Stuff & Nonsense #1180

-> I don’t care, I don’t mind
-> I don’t know, I don’t know
-> Torn reborn the cries of our dismay
-> Are nothin’ to the wind but whose to mind
I don’t care, I don’t mind

As a general rule, if you’re going to be a journalist, best to learn some of the basic skills first…one would be to read information properly and comprehend it before reporting or commenting. (It’s those old-fashioned principles that just won’t die).

… to any sensate being not dependent for a living on the same mainstream media, one of the defining issues of modern Scotland is our failing media – up to including the mighty BBC.

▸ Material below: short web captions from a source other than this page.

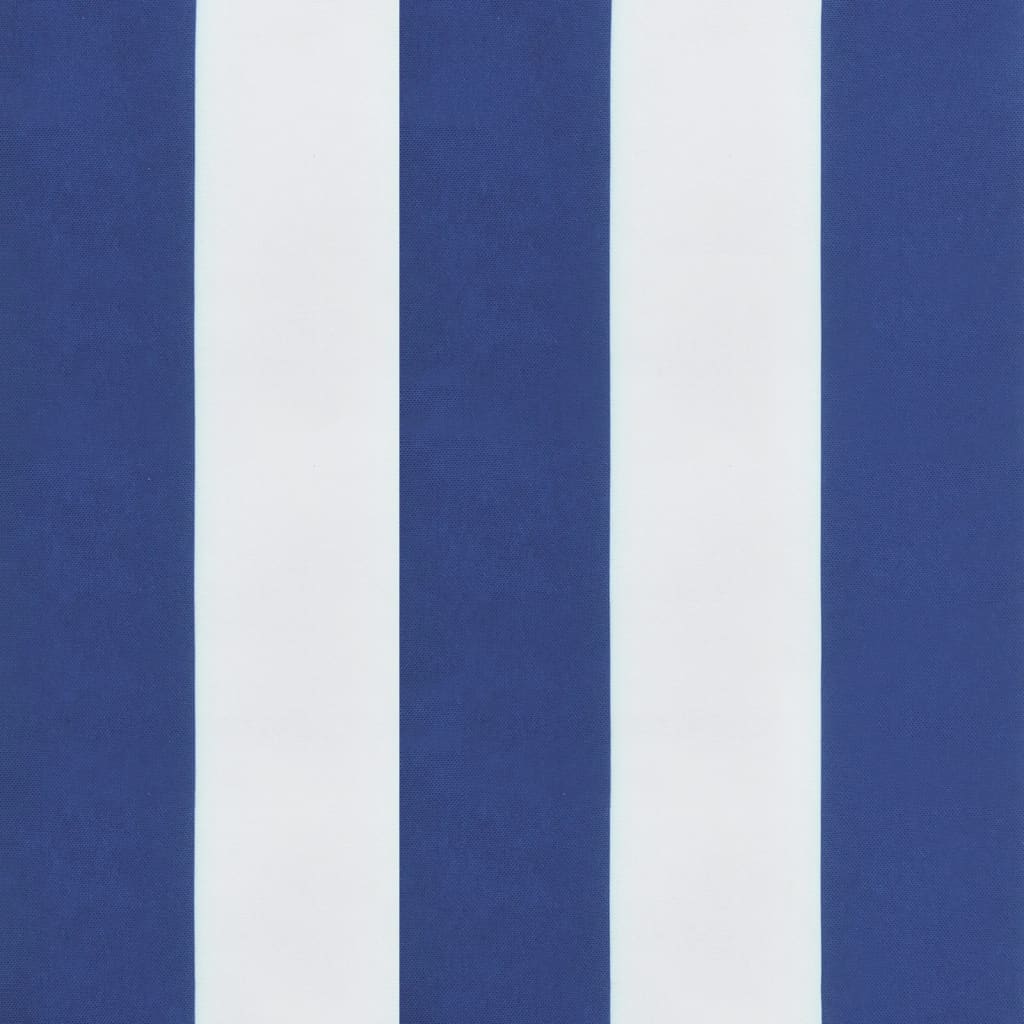 vidaXL Poduszki na palety, 5 szt., biało-niebieskie paski, tkanina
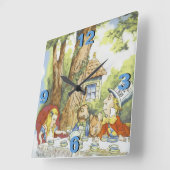 Horloge Carrée Tea Party 1 (Angle)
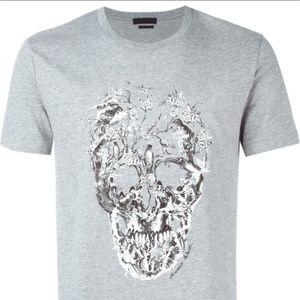 ALEXANDER MCQUEEN GREY SKULL TSHIRT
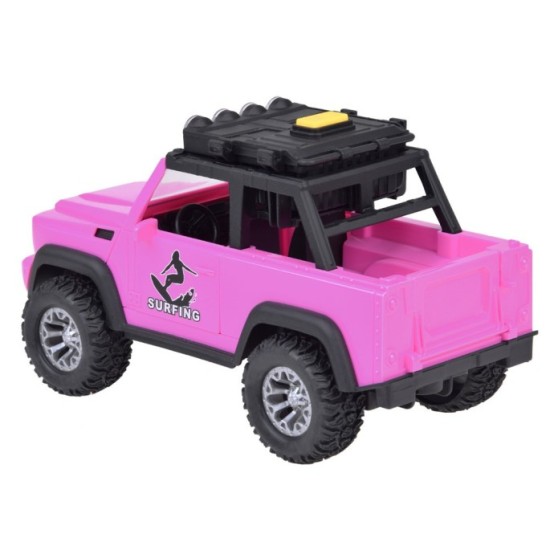 JOKO Ružové Auto Jeep OFF Road so Surfovacími Doskami, so zvukom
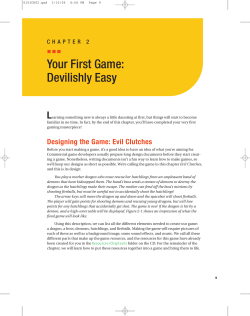 Your First Game: Devilishly Easy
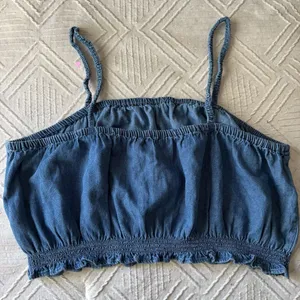 American Eagle Denim NWT Smocked Crop Top Size XL thumbnail 8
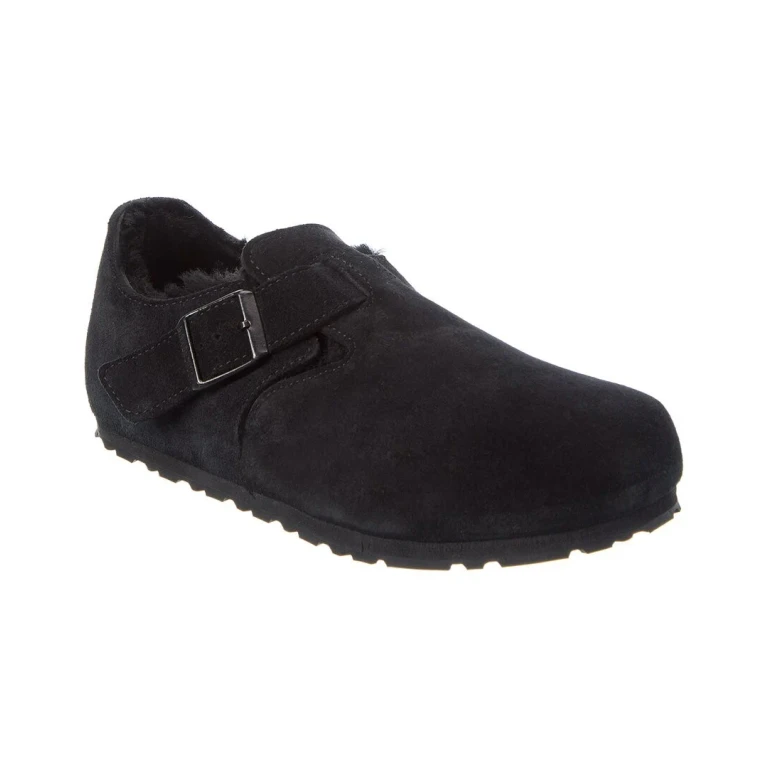 London Suede & Shearling Clog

… I’m sure Nicola Sturgeon does believe in the role of a free press, whatever that means in a Britain where a handful of tax-dodging billionaires control most of it, but I’m equally sure she understands she can’t win either. By sidelining the media, if that were somehow possible, she merely antagonises them and it’s generally true that she herself gets a good press because even the partisans can’t find enough to taint her with… But overwhelmingly I’m sure she understands that the ham-fisted vitriol and Unionist cheerleading hasn’t changed the mind of a single Scottish voter. No matter how many ‘SNP failure’ think pieces David writes – and I’m anticipating a slew of Tory revival articles before next May – not a tiny fissure has appeared in the voting patterns. The truly humiliating fact for the celebrating hacks to swallow is that no one actually cares what they write – insofar as giving up on the Nats is concerned. It’s a living but it’s of limited consequence. Far from inspiring writing, the media gives us instead the whine of the loser. And a bad loser at that…

Derek Bateman

I don’t know, I don’t know

When you live next door to a sewage plant, your nose eventually gives up and no longer smells the crap. You can walk out into your garden and the only odour you’ll detect is the sweet smell of the flower on a thistle. That’s what’s happened in Scotland with our Unionist media and their constant deluge of SNPcrap. We no longer smell it. We’ve given up caring. Scotland no longer pays any heed to those who fancy themselves as opinion makers, because what ordinary Scots learned during the independence referendum was that we are perfectly capable of forming our own opinions and we need the opinion formers of the Unionist press like we need bog roll made from sandpaper.

The three ply sandpaper isn’t best pleased by the discovery that it’s being left on the shelf by the news shoppers. It clearly isn’t the fault of their product, which comes with the seal of approval of the British establishment. Purveyors of sandpaper based lavatorial cleansing products get awarded knighthoods and OBEs and are granted interviews with really important politicians – you know, the ones who don’t live in Scotland. This is clearly a testament to the utility and product worthiness of an arse scraped raw. So the fact that this award winning product is being rejected by the punters can only be because they have been seduced by an alien cult which tells them stupid idiocies like they can wipe their behinds with something soft. The very idea.

The Unionist media doesn’t understand why its message has lost traction and continues to lose traction. It prefers to console itself with the familiar nostrums that it’s all because the SNP is bad. This makes the Scottish Unionist media the only media on the planet which reports the story of the boy who cried wolf as being all the fault of the wolf.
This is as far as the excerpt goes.